Vor der Bibliothek stand eine kleine, pummelige Frau mit einem netten rosa Gesicht und neben ihr blinzelte ein ebenfalls etwas pummeliges, hellbraunes Fasteinhorn neugierig durch die Mähnenfransen.
„Du musst Neolyt sein, nicht wahr?“ Ohne eine Antwort abzuwarten, fuhr sie fort. „Ich bin Lora, aber das hat Meister Deor dir sicher schon gesagt.

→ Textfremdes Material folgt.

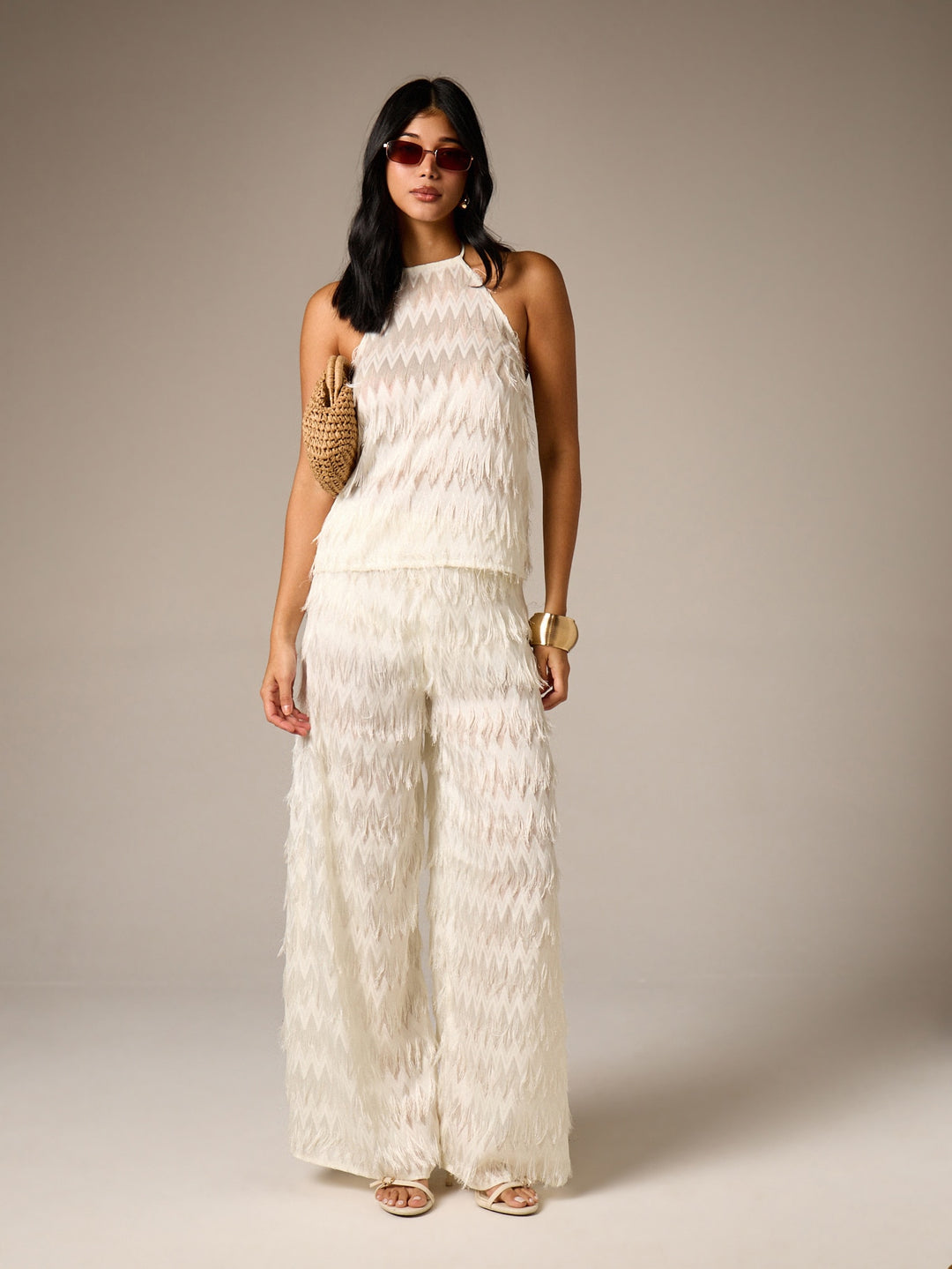 Pantaloni SHEIN, bej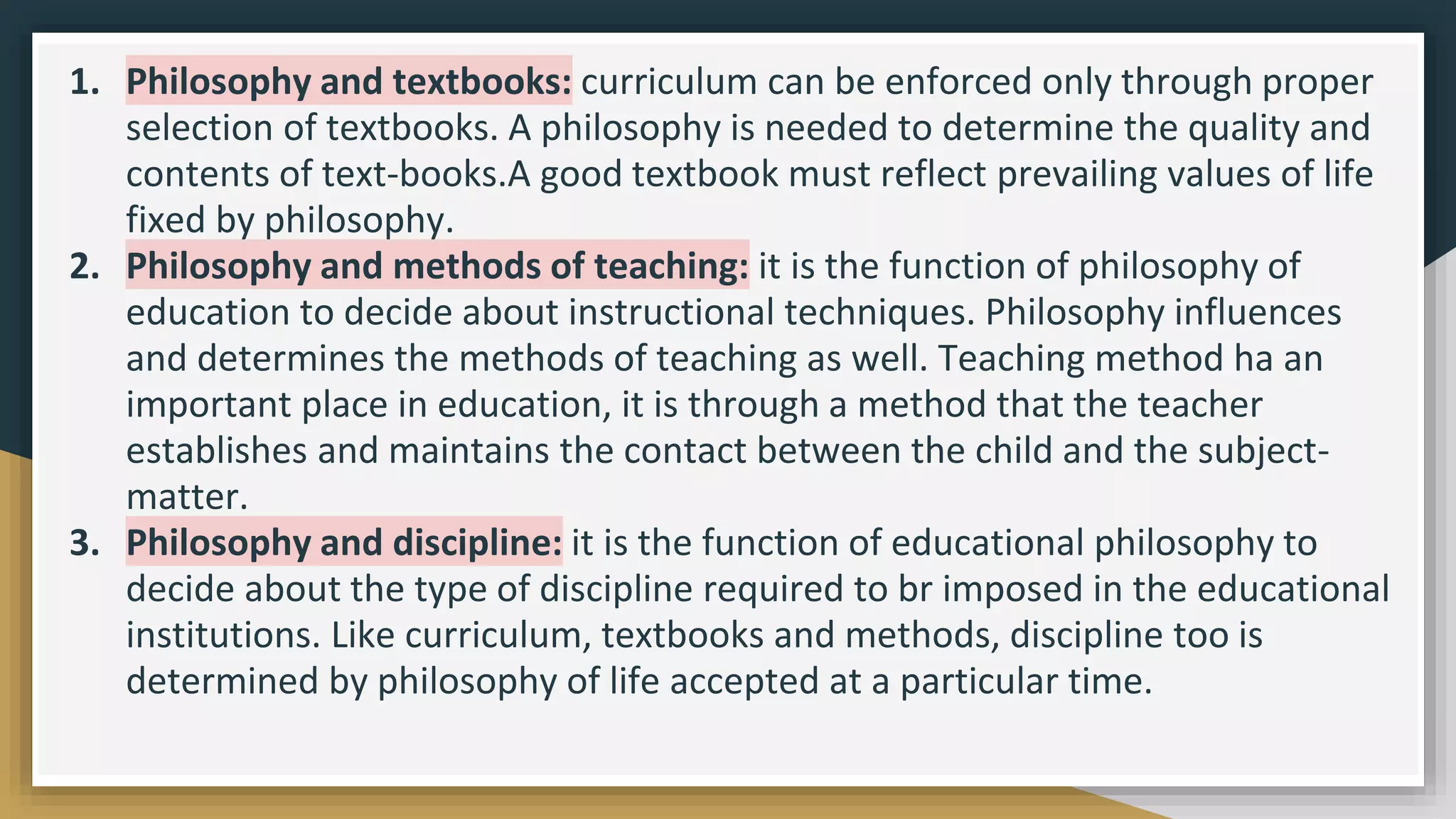 Relationship between philosophy and education. | PPTX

Ich bin so etwas wie die Betreuerin für die weiblichen Schülerinnen, ich wasche eure Sachen, mache eure Zimmer sauber, aber das ist kein Grund, sie absichtlich einzusauen.“ Sie holte kurz Luft und dann ging es auch schon weiter. Wie ein Wasserfall redete sie unaufhörlich auf Neolyt ein und machte nur Pausen, um Luft zu holen, und egal über wen oder was sie sprach, die ganze Zeit lächelte ihr pausbäckiges Gesicht. Neolyt fragte sich allmählich, ob wohl alle Reiter die Angewohnheit hatten, ununterbrochen zu grinsen oder zu lächeln.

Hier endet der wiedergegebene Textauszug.